Scott Irvine, Nulogx’s vice-president of business development, says monitoring price changes should enable carriers as well as shippers to remain competitive.
“I don’t know about you, but with the current economic climate there has been a lot of attention focused on the Dow-Jones and the TSE and somebody said wouldn’t it be great if there were an index for freight costs?”
Hence, the CFGI, which went live this week. Check out www.cgfi.ca
The morphing database is based on more than $750 million per year in transportation transactions that Nulogx customers engage in and it’s available, for free, to anybody who logs in. The information will be updated monthly.
And the first news in from the new CGFI: Prices have dropped more than 13 percent since July 2008, and 7.8 percent in the first five months of 2009.
However, absent fuel surcharges, the index for base freight costs has increased one percent since July 2008 and 0.7 percent in the first five months of 2009.

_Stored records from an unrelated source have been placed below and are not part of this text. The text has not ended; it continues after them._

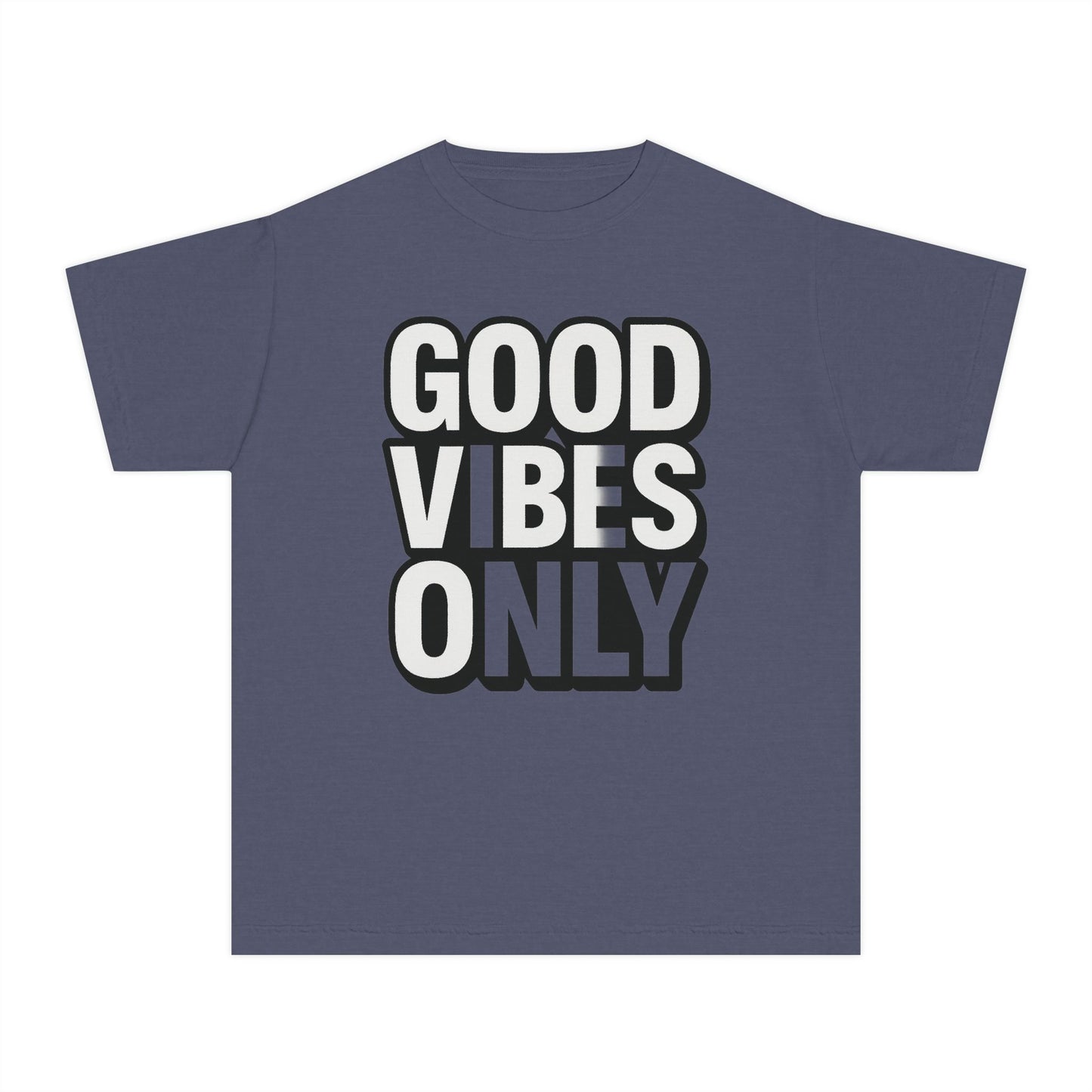 Good Vibes Youth Tee, Positive Message T-Shirt, Fun Casual Wear for Kids, Birthday Gift, Motivational Apparel
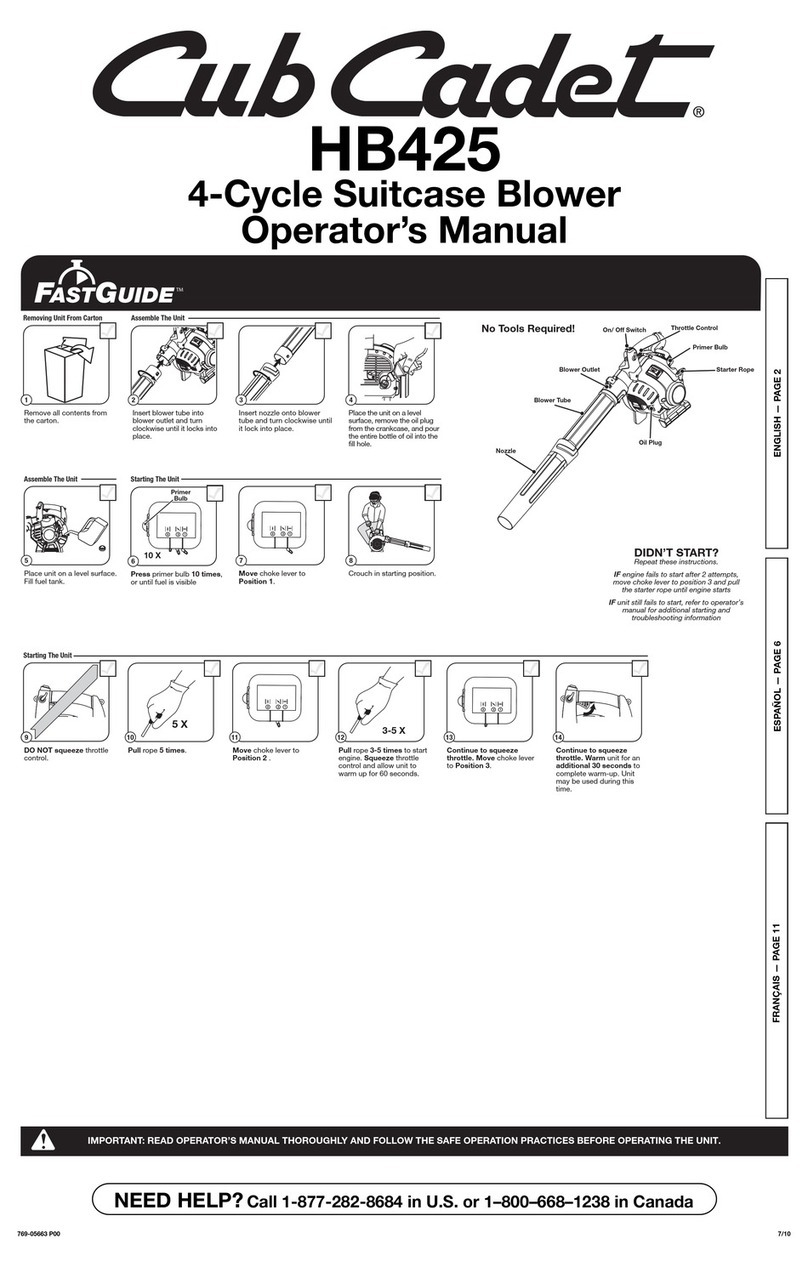 Cub Cadet HB425 User manual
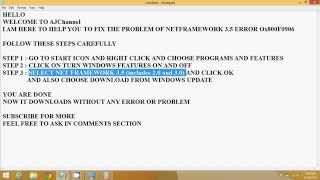 Error 0x800f0906 NetFramework 35 Fix 100 WORKING [upl. by Htyderem]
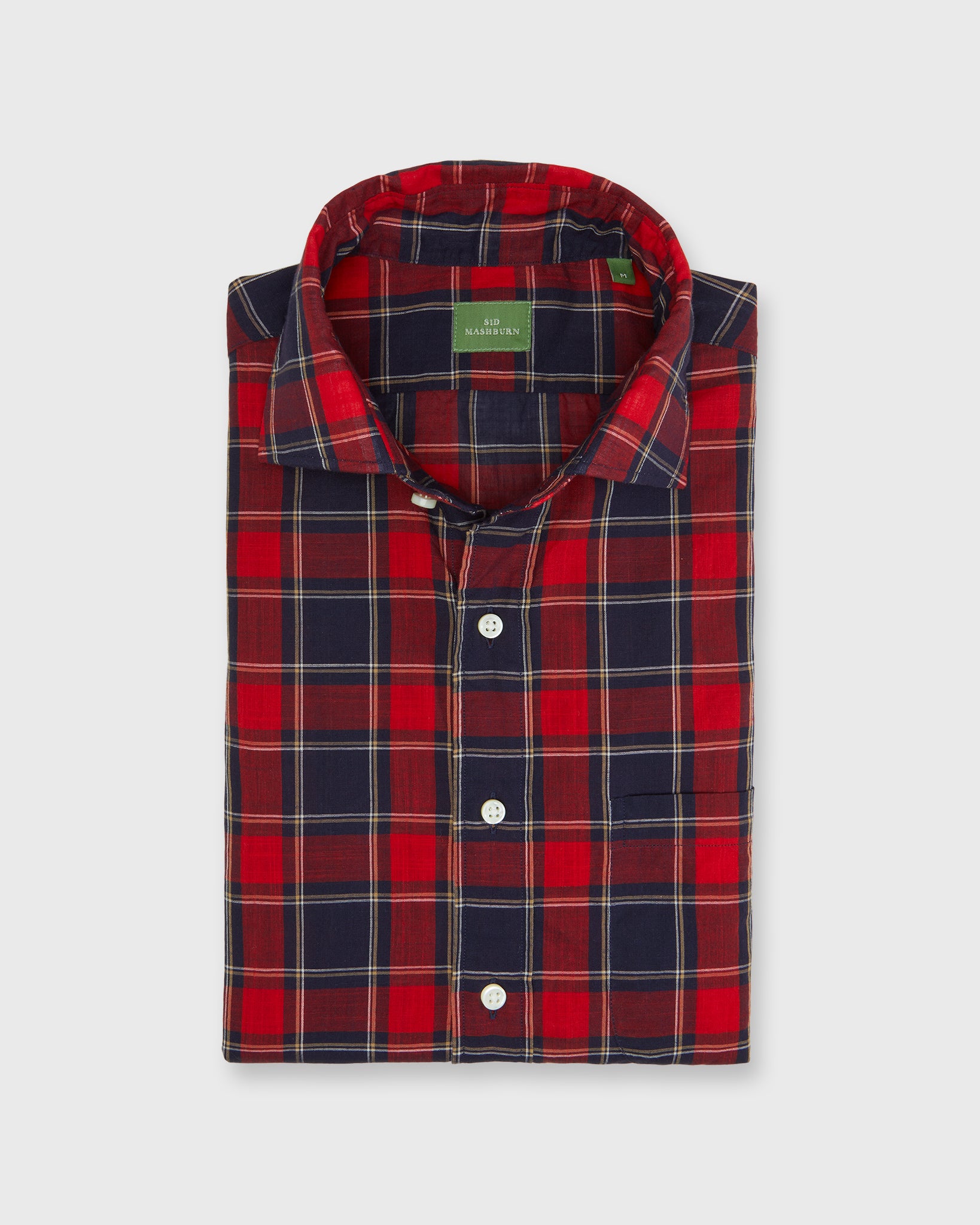 Spread Collar Sport Shirt in Red/Navy/Yellow Plaid Poplin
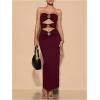 imageMilumia Womens Metal Cut Out Strapless Tube Top Dress Bodycon Maxi Dresses Party CocktailBurgundy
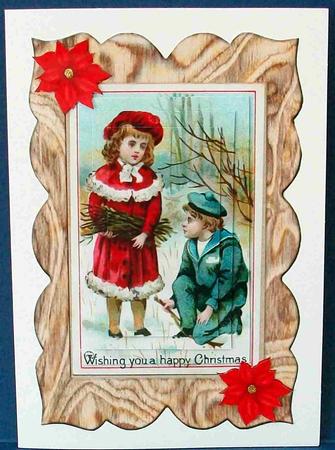 Vintage Children Gathering Twigs in the Snow Pyramids by Cheryl French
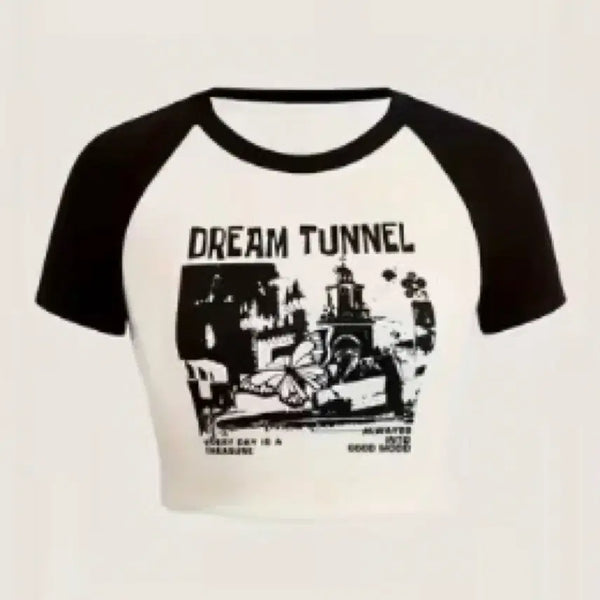 [BUNJANG] Women's Cropped Short Sleeve T-Shirt / 여성 크롭 반팔 티셔츠 세미 면티 복고풍티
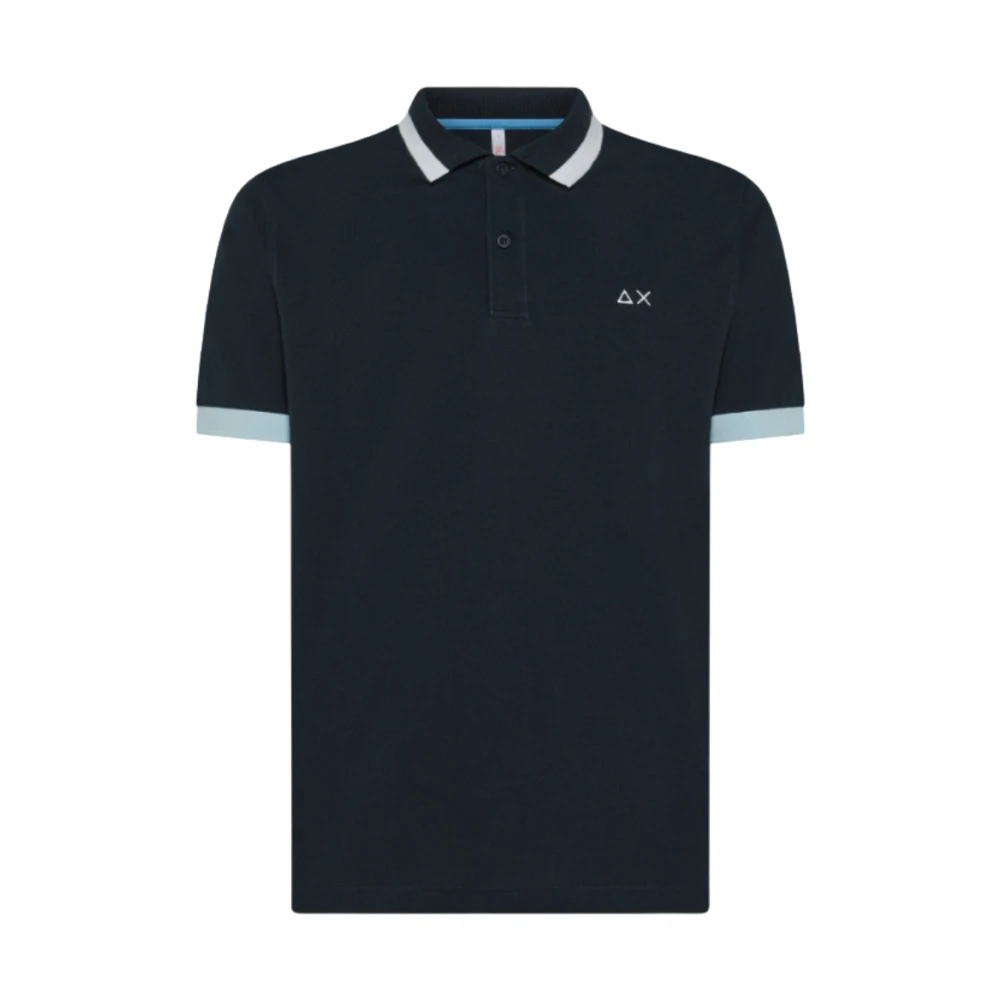 Sun68 Men's Blue Polo Shirts, M, Striped Collar Polo Shirt Navy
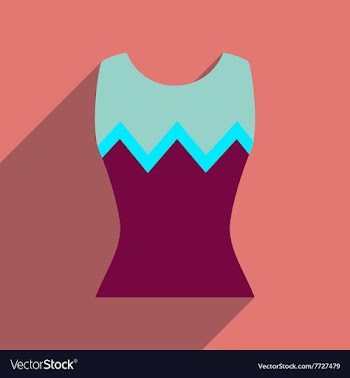 Flat icon with long shadow women blouse vector image
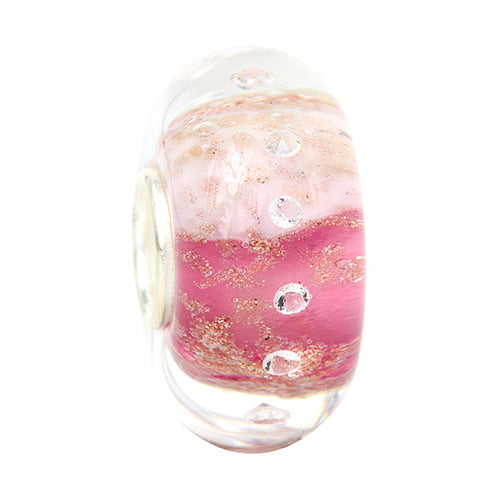 Ogerbeads Raspberry Rose Diamonds Pixiedust pink and gold glass Bead by The Alternative Bead. Your official Ogerbeads Retailer from Germany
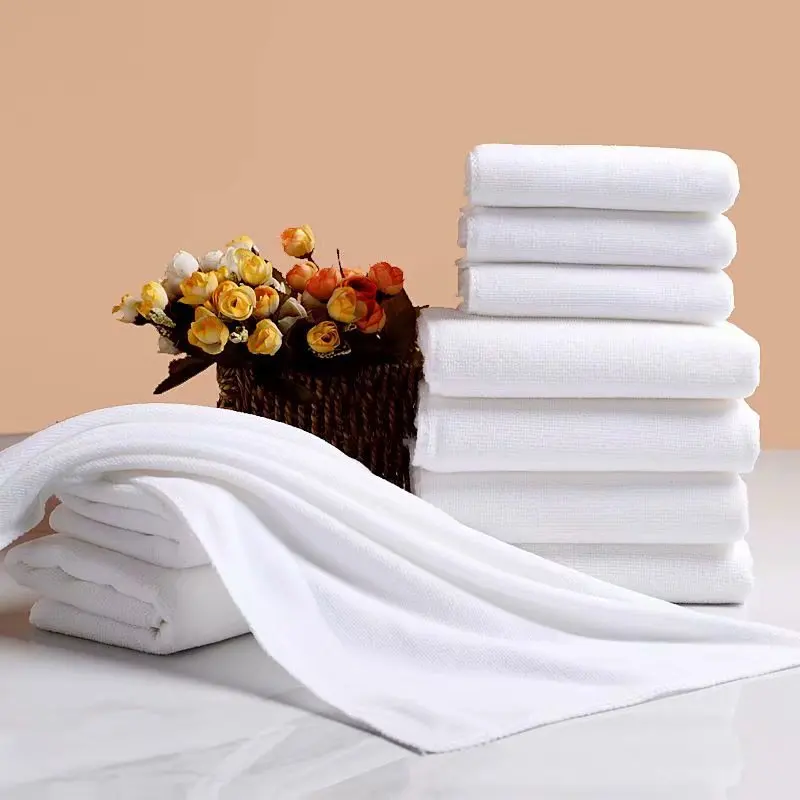 Professional Selling Malaysia Embossed Logo White Jacquard Cotton 16s Plain Hotel Towel for  Hyatt Hilton Hotel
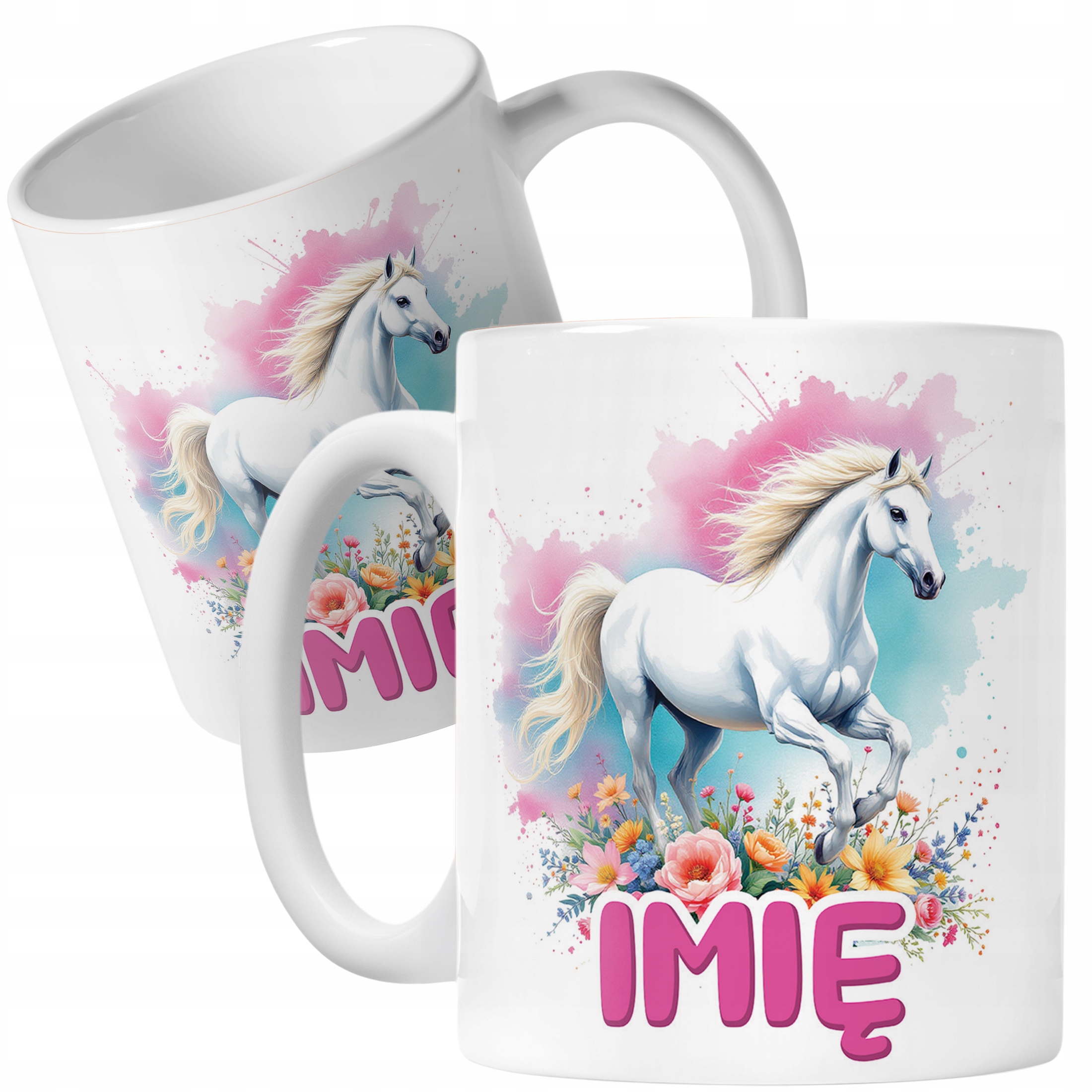 Kubek ceramiczny personalizowany Z Koniem Koń Słodki Dla Dzieci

The CGFI was developed with the assistance of Dr. Alan Saipe, president of Supply Chain Surveys, Inc.
Saipe has been a long-time analyst and observer of the transportation and logistics industry.
Says Saipe, "Nulogx has been able to leverage its extensive database of more than two million annual transactions to develop a unique insight into Canada’s freight market.
"In the first seven months of 2008, general freight costs rose significantly, driven up by increases in both freight rates and fuel surcharges. Then the realities of the slowing economy in both Canada and the US began to take over.
“The result brought total freight costs down by 13.4 percent from their peak in July 2008," continued Saipe.
According to Irvine, carriers will be in a position to benefit from the CGFI when prices are in an upward trajectory. Alas, when they’re going downward, it’ll be shippers who hold the wild cards. If general market prices are increasing and a carrier’s rates are not, it provides an indication that maybe they are not getting all the gains that are available to them.
"On the other hand, if market rates are decreasing," he says. "I think we can expect shippers to become more demanding as well.
“Whatever the timing, I think it’ll always be advantageous to know as much about the competition as possible."